Will AI Tell Lies to Save Sick Children? Litmus-Testing AI Values Prioritization

Researchers have developed LitmusValues, an evaluation pipeline to identify AI models' priorities and potential risks by analyzing their value systems, which can serve as an early warning system for risky behaviors. By measuring AI models' value prioritization, the researchers can predict potential risks, including those that may not be immediately apparent, such as power-seeking behaviors or harm-causing actions.

Insights into DeepSeek-V3: Scaling Challenges on Hardware for AI Architectures

The rapid growth of large language models has exposed limitations in current hardware, but the DeepSeek-V3 model demonstrates how hardware-aware design can address these challenges, enabling efficient training and inference at scale. The model's architecture incorporates innovations such as Multi-head Latent Attention and Mixture of Experts, and its development highlights the importance of hardware and model co-design in meeting the demands of AI workloads.

Sugar-Coated Poison: Benign Generation Unlocks LLM Jailbreaking

Large Language Models (LLMs) are vulnerable to jailbreak attacks due to a weakness known as Defense Threshold Decay (DTD), where the model's attention shifts from input to prior output as it generates benign content, making it more susceptible to attacks. A novel jailbreak attack method called Sugar-Coated Poison (SCP) exploits this vulnerability, but a defense strategy called POSD can effectively mitigate such attacks while preserving the model's capabilities.

Code

Show HN: Representing Agents as MCP Servers

The mcp-agent framework allows developers to build effective AI agents using the Model Context Protocol, providing a simple and composable way to manage the lifecycle of MCP server connections and implement patterns for building production-ready AI agents. It supports various applications, including multi-agent collaborative workflows, human-in-the-loop workflows, and RAG pipelines, and can be integrated with tools like Claude Desktop and Streamlit.

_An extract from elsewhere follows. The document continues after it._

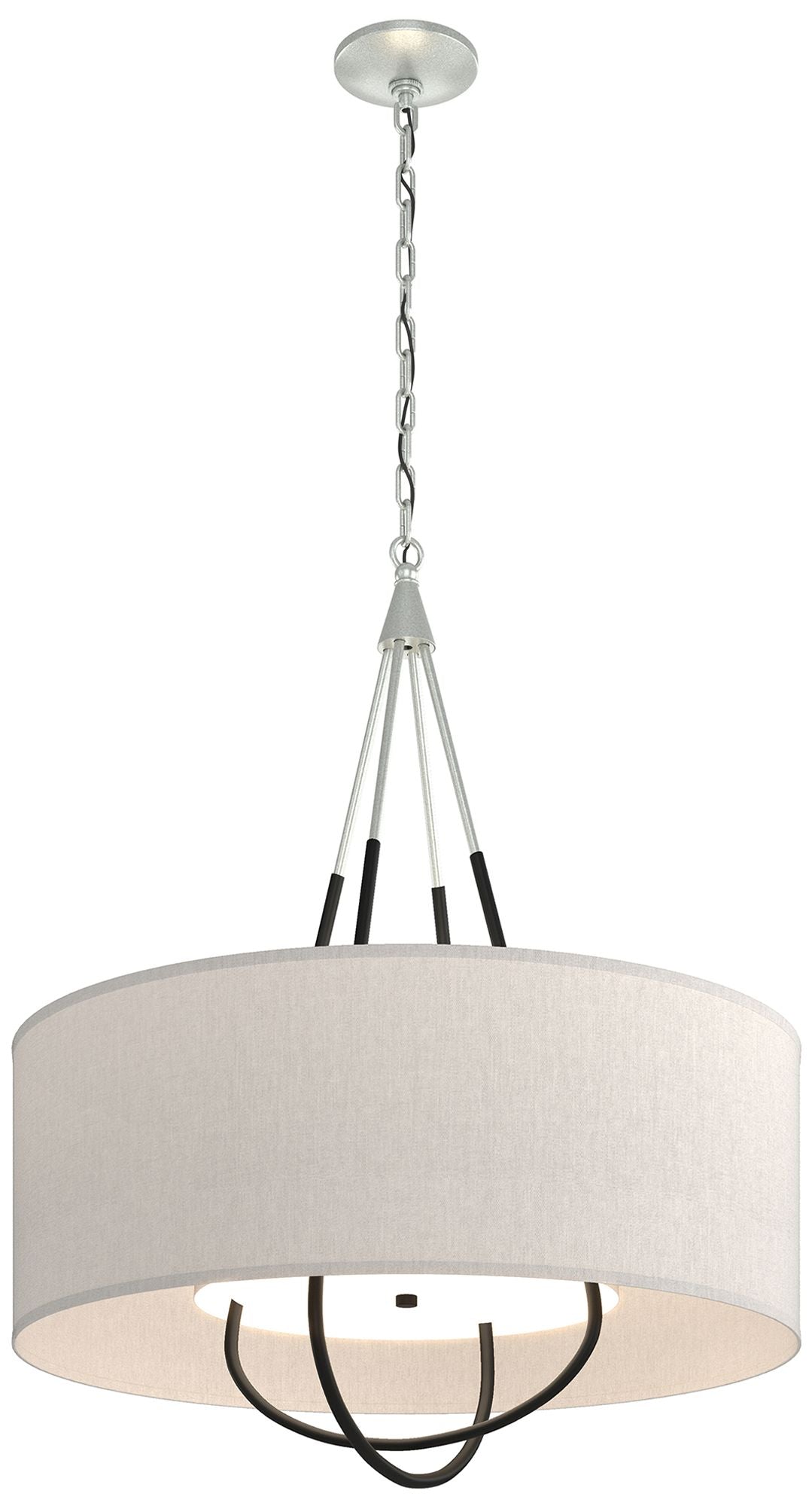 Loop Pendant - Vintage Platinum Finish - Black Accents - Flax Shade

Show HN: CodeBoarding – interactive map of your codebase for onboarding

The provided text appears to be a list of Python projects with automatically generated onboarding diagrams, created using CodeBoarding.org, a tool for interactive and visual documentation. The list includes a wide range of projects, from popular frameworks like Django and Flask to libraries like PyTorch and scikit-learn, with links to their respective onboarding documentation.

Show HN: OpenHands, an open source alternative to Devin, Codex, and Jules

OpenHands is a platform for software development agents powered by AI, allowing agents to perform tasks such as modifying code, running commands, and browsing the web. The platform can be run on OpenHands Cloud with $50 in free credits for new users, or locally using Docker, with various configuration options and a community-driven development process.

Show HN: AI Baby Monitor – local Video-LLM that beeps when safety rules break

The AI Baby Monitor is a local video monitoring system that uses AI to watch a video stream and alert parents if a safety rule is broken, such as a baby climbing out of their crib or being left alone. The system runs locally on a consumer GPU, uses a video LLM model, and provides a live dashboard with real-time updates and minimal alerts, such as a single gentle beep, to help parents keep an eye on their baby.

Show HN: I made "Who's Hiring?" searchable using GPT and Metabase

HN Jobs to Metabase is a tool that fetches job postings from Hacker News "Who is hiring?" threads, parses them using OpenAI, and stores the data in Postgres for visualization in Metabase dashboards, also exporting the data to a CSV file. To use the tool, users must have Docker, Docker Compose, and Python 3.9+ installed, as well as an OpenAI API key, and then follow a series of steps to clone the repository, set up the environment, and run the application.